There are a several good reasons to have external dependencies like these, including:
- Development speed. Using providers for pieces of the solution lets us focus on the core value we provide rather than the common.
- Better reliability. People who specialize in monitoring, for example (like New Relic), are going to be a lot better at monitoring than someone who doesn't think about this all the time.
But.... there is a big downside.
When your external provider goes away, you're in big trouble. If Heroku goes down, my app is unavailable. If Twilio goes away, I won't be sending any text messages. It doesn't matter that the outage is on the service provider end - to my customers, it's just the application they use not doing what it's supposed to. And that's my problem.
So we have dependencies, which are really useful and also introduce risk. What can we do about it?
Let's take a simple example. My hosting provider had an outage on December 3rd that took down our application. What could have prevented us from being unavailable, even as Heroku was having a No Good Very Bad Day? We could:
- Add a second hosting provider, writing into a shared database (or db cluster). Properly load balanced, the hosting provider who was not affected could simply have taken over all hosting duties.
- Fail over to a secondary hosting provider as soon as we realize we're down, again using a shared database or database cluster.
- Use local data storage in the browser to allow users to keep working.

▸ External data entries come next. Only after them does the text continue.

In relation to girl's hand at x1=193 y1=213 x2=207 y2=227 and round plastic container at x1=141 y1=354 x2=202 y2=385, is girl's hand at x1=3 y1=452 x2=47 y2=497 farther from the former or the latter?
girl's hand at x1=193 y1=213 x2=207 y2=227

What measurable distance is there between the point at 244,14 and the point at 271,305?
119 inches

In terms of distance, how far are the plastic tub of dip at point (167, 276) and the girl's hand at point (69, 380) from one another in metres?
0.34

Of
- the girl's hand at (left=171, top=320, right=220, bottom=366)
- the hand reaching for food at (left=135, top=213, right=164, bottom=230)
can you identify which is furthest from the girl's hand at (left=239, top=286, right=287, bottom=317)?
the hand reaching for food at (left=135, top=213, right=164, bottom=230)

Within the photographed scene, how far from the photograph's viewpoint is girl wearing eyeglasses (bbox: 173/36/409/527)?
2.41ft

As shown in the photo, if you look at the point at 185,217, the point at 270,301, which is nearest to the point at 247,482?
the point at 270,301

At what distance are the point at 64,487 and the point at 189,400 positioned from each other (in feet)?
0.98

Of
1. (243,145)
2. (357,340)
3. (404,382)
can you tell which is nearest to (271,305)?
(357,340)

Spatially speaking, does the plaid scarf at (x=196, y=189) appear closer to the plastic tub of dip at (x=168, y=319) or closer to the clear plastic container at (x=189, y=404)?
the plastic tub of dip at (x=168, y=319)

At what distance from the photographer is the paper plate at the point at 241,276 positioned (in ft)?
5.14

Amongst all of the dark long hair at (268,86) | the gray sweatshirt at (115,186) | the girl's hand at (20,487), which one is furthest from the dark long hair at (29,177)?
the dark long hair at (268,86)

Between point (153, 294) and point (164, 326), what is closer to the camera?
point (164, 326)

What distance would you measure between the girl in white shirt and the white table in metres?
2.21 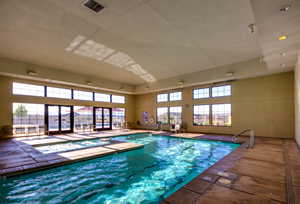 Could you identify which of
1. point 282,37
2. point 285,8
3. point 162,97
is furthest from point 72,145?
point 282,37

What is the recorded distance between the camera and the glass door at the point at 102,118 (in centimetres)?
1111

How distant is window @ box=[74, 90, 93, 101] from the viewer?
397 inches

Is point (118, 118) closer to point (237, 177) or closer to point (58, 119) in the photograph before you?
point (58, 119)

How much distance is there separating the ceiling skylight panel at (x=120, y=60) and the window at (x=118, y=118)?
5255mm

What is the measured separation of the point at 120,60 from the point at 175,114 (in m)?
5.71

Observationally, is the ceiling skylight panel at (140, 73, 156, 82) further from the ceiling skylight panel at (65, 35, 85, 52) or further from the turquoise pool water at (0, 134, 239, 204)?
the turquoise pool water at (0, 134, 239, 204)

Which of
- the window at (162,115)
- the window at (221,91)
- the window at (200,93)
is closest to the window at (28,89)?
the window at (162,115)

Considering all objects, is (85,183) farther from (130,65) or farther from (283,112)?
(283,112)

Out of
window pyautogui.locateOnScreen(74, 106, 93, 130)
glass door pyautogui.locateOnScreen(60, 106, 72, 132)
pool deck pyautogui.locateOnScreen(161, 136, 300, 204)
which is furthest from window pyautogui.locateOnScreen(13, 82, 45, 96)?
pool deck pyautogui.locateOnScreen(161, 136, 300, 204)

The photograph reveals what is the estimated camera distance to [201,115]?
953cm

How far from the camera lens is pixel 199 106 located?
31.7 ft

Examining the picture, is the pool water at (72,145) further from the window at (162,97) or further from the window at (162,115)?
the window at (162,97)

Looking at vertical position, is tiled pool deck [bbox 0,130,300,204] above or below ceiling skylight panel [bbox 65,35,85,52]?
below

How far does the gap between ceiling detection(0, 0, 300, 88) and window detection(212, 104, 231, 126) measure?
2.59 m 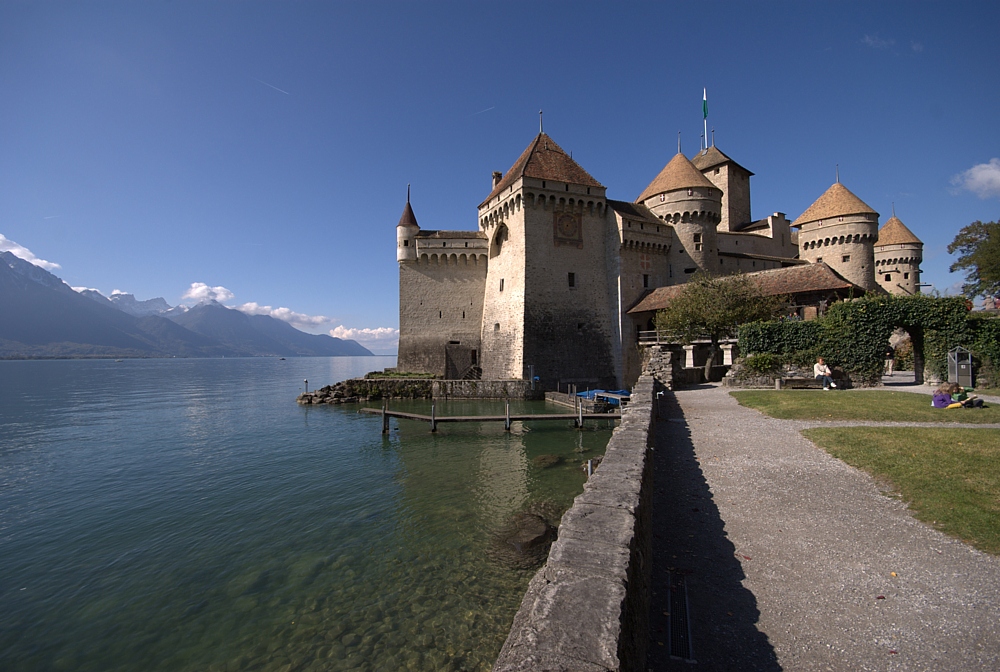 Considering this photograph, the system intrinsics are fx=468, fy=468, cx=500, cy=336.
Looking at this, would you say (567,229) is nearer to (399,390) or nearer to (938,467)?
(399,390)

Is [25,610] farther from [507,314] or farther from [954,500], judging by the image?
[507,314]

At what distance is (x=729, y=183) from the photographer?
128 feet

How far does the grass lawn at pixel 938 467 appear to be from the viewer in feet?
16.4

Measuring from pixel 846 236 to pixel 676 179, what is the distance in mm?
12956

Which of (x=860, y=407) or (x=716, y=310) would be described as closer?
(x=860, y=407)

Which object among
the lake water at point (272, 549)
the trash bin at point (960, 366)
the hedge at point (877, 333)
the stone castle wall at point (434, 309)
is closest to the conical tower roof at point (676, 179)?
the stone castle wall at point (434, 309)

It wouldn't provide full functionality, but it would have given us 85%+ of our features, which is a lot better than simply being down.
There are two common themes running through these options: redundancy and cost. We can increase redundancy.... as long as we're willing to pay for it. How far you go toward ensuring redundancy is tempered by how much time and money you're willing to spend. In the end, it's up to you and to your particular needs. Just consider your dependencies... before they go down and make you consider them in a panic!